**WORK ITEM:** Go to the line with "724 East Ave — Photo 12" in the records below, then output it and each following line exactly, up to and including the line with "Beach Song by". Skip pictures and add nothing.

**EXTRACTED INFORMATION:**
┌──

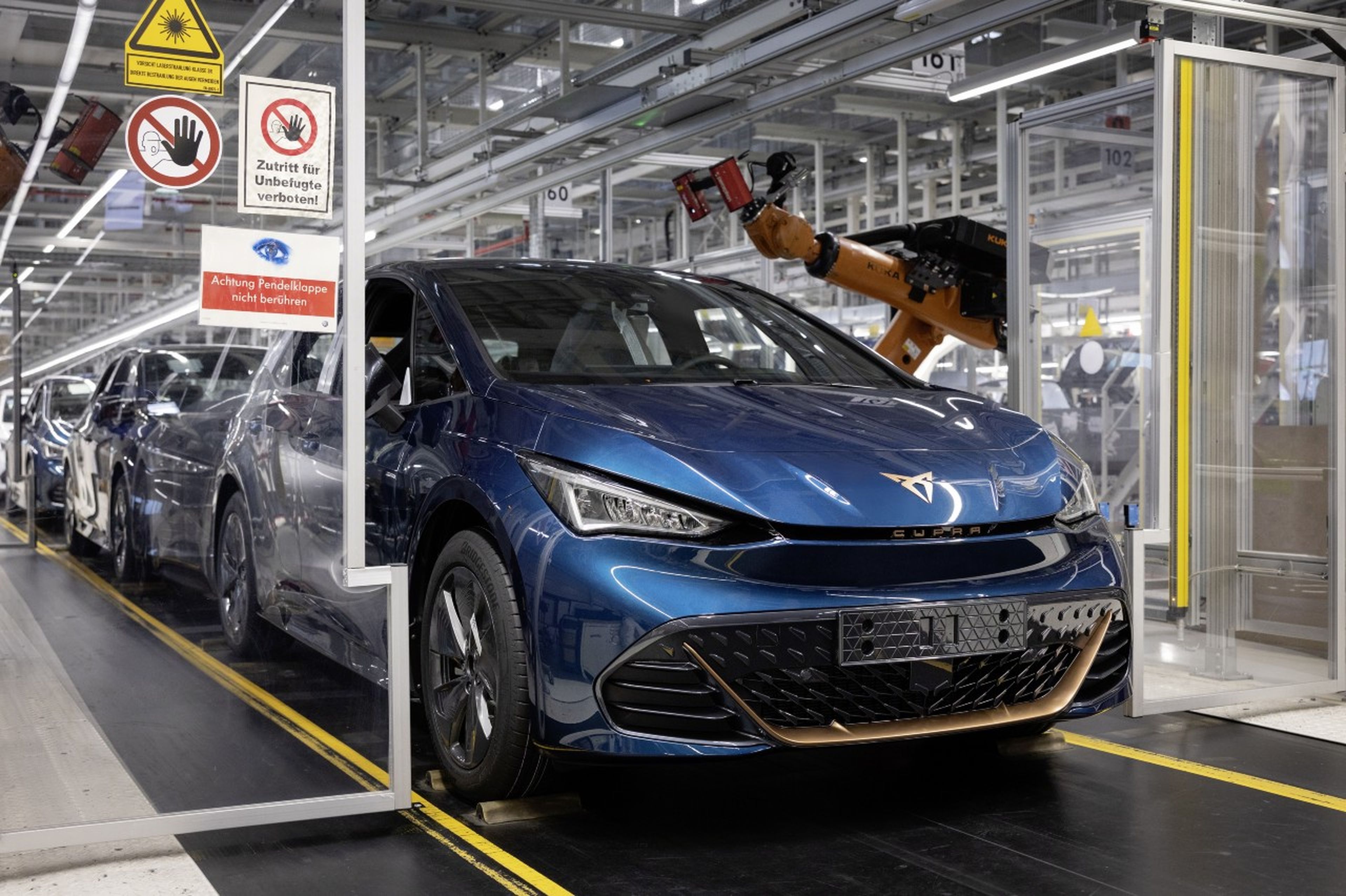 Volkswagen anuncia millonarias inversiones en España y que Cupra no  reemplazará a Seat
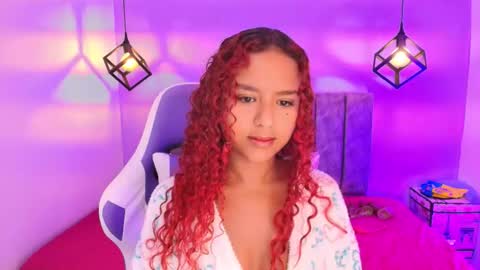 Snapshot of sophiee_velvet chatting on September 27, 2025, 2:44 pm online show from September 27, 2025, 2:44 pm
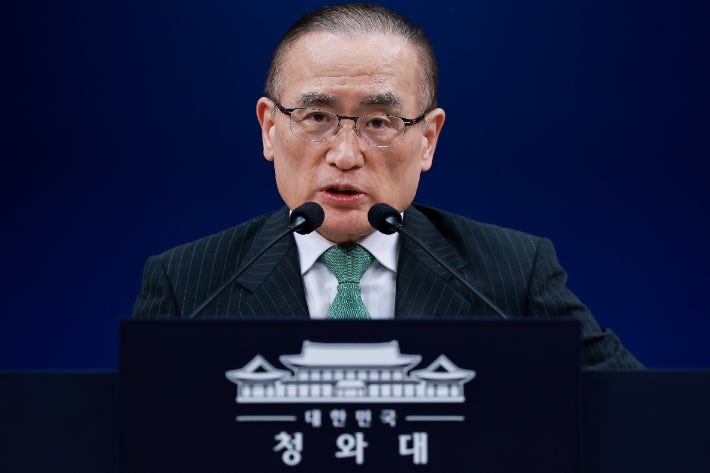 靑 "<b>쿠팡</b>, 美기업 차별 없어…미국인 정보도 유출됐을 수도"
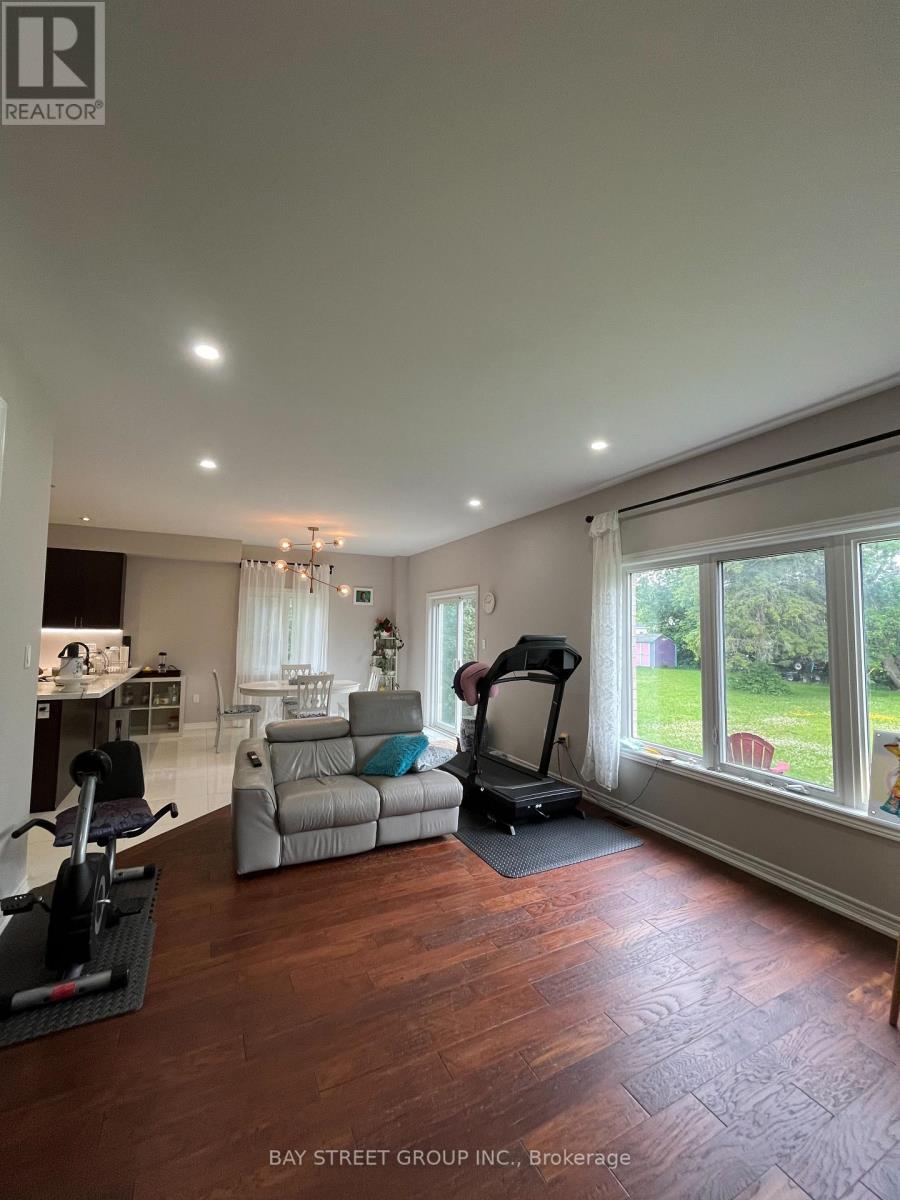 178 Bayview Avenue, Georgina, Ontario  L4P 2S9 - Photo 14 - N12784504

└──
┌──

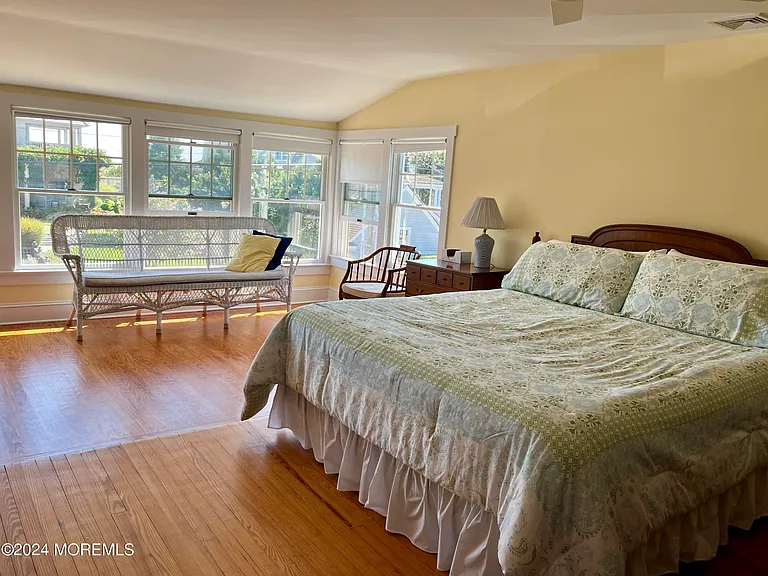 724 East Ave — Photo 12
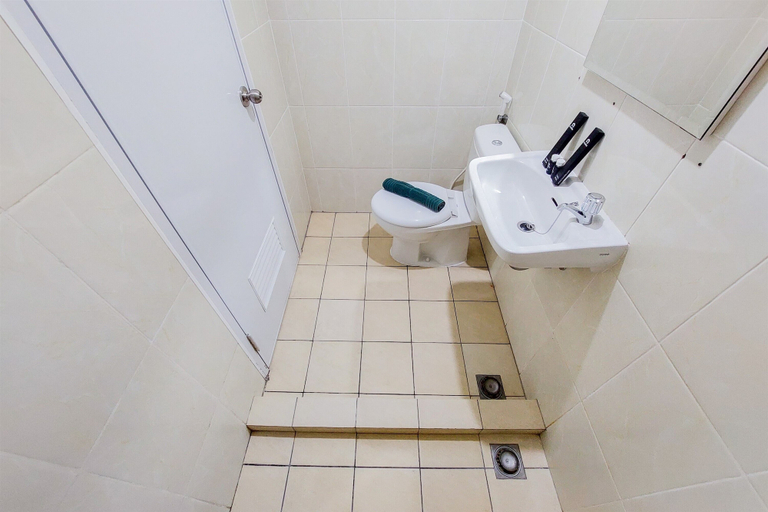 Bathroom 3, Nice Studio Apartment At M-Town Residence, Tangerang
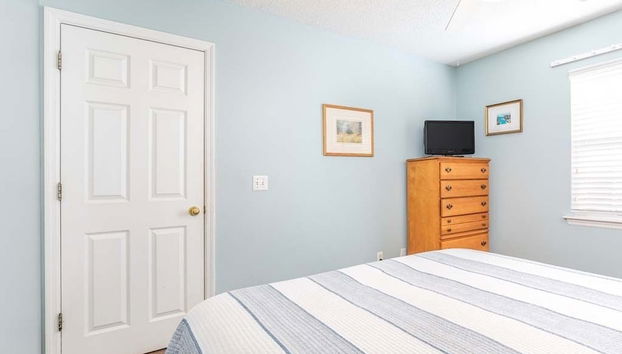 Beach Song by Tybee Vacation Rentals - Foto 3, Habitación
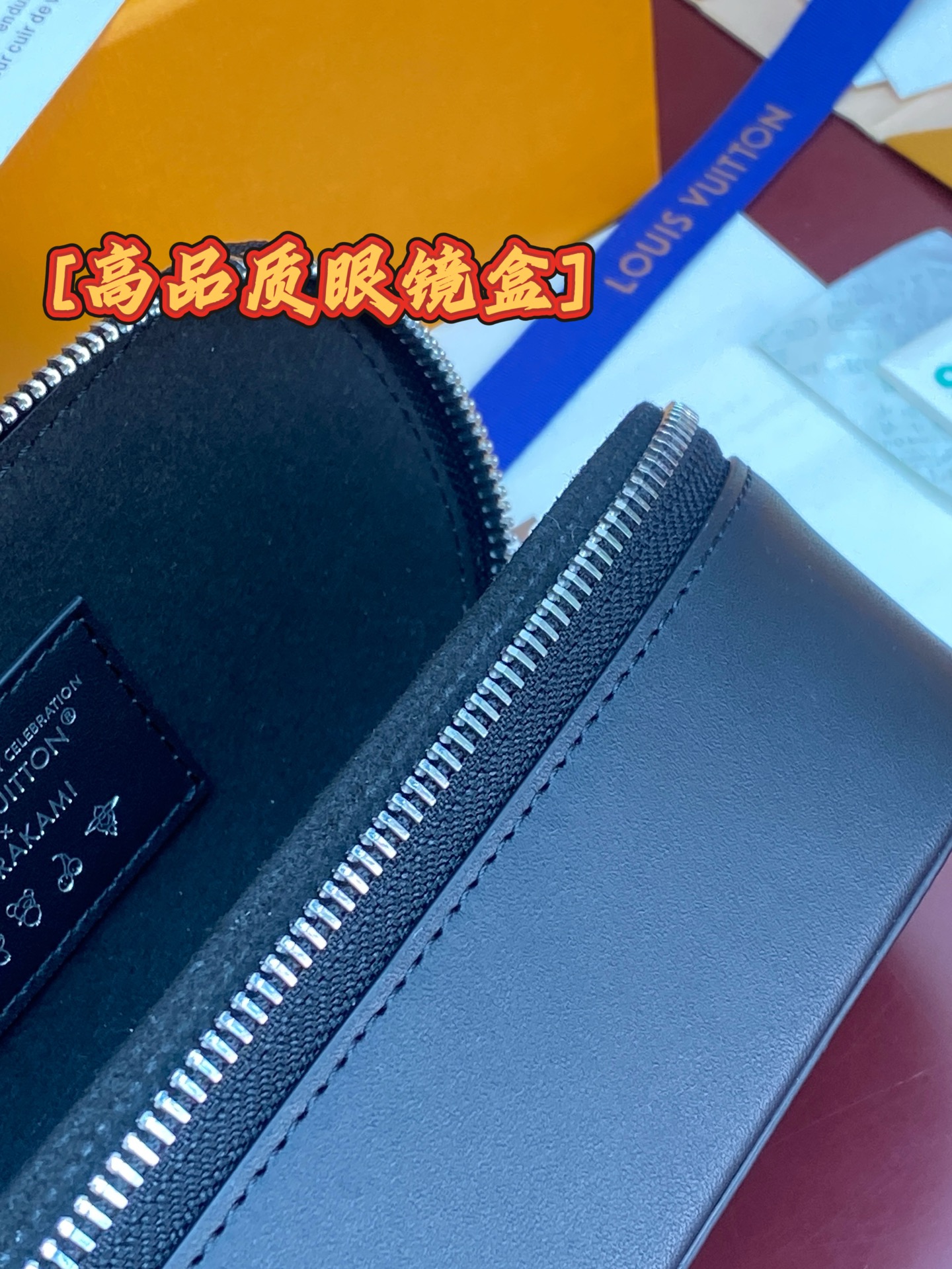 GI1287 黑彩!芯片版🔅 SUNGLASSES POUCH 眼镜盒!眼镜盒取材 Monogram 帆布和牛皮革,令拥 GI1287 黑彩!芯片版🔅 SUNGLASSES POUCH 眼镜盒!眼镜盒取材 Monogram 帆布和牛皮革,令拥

└──
┌──

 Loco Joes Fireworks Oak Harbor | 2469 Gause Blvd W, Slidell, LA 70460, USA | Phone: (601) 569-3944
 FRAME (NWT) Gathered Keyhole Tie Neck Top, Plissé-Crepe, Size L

└──

**SOLUTION FOR THIS TASK:**
 724 East Ave — Photo 12
 Bathroom 3, Nice Studio Apartment At M-Town Residence, Tangerang
 Beach Song by Tybee Vacation Rentals - Foto 3, Habitación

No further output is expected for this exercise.